PROBLEM STATEMENT: Output, without any change, the listing below from its opening line up to and including the line with "Hi, my name".

______

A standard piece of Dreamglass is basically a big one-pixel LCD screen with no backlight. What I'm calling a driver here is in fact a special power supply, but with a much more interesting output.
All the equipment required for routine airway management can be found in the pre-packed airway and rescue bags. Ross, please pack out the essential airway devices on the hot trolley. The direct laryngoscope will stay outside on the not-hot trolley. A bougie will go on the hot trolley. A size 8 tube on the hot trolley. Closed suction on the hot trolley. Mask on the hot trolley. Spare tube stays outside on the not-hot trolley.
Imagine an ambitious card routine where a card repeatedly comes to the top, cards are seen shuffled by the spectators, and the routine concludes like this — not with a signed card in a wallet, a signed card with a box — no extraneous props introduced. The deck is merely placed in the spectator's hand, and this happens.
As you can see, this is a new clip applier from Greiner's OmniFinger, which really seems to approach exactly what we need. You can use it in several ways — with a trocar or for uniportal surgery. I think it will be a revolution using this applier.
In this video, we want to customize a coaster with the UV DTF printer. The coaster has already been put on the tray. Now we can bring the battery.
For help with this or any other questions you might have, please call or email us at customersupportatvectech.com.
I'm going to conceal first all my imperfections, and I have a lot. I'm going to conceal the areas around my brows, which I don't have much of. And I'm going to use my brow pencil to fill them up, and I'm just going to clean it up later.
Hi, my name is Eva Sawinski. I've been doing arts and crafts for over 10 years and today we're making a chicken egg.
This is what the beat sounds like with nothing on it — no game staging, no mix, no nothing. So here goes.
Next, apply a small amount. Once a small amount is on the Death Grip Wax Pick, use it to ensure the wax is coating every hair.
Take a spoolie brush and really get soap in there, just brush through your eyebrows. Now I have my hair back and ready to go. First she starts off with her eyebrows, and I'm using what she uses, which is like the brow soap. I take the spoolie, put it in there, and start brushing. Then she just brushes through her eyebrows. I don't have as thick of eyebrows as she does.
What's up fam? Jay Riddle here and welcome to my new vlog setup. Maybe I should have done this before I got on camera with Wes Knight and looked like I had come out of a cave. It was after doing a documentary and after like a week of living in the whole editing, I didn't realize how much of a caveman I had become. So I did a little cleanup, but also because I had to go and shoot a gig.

______

WRITTEN SOLUTION:
A standard piece of Dreamglass is basically a big one-pixel LCD screen with no backlight. What I'm calling a driver here is in fact a special power supply, but with a much more interesting output.
All the equipment required for routine airway management can be found in the pre-packed airway and rescue bags. Ross, please pack out the essential airway devices on the hot trolley. The direct laryngoscope will stay outside on the not-hot trolley. A bougie will go on the hot trolley. A size 8 tube on the hot trolley. Closed suction on the hot trolley. Mask on the hot trolley. Spare tube stays outside on the not-hot trolley.
Imagine an ambitious card routine where a card repeatedly comes to the top, cards are seen shuffled by the spectators, and the routine concludes like this — not with a signed card in a wallet, a signed card with a box — no extraneous props introduced. The deck is merely placed in the spectator's hand, and this happens.
As you can see, this is a new clip applier from Greiner's OmniFinger, which really seems to approach exactly what we need. You can use it in several ways — with a trocar or for uniportal surgery. I think it will be a revolution using this applier.
In this video, we want to customize a coaster with the UV DTF printer. The coaster has already been put on the tray. Now we can bring the battery.
For help with this or any other questions you might have, please call or email us at customersupportatvectech.com.
I'm going to conceal first all my imperfections, and I have a lot. I'm going to conceal the areas around my brows, which I don't have much of. And I'm going to use my brow pencil to fill them up, and I'm just going to clean it up later.
Hi, my name is Eva Sawinski. I've been doing arts and crafts for over 10 years and today we're making a chicken egg.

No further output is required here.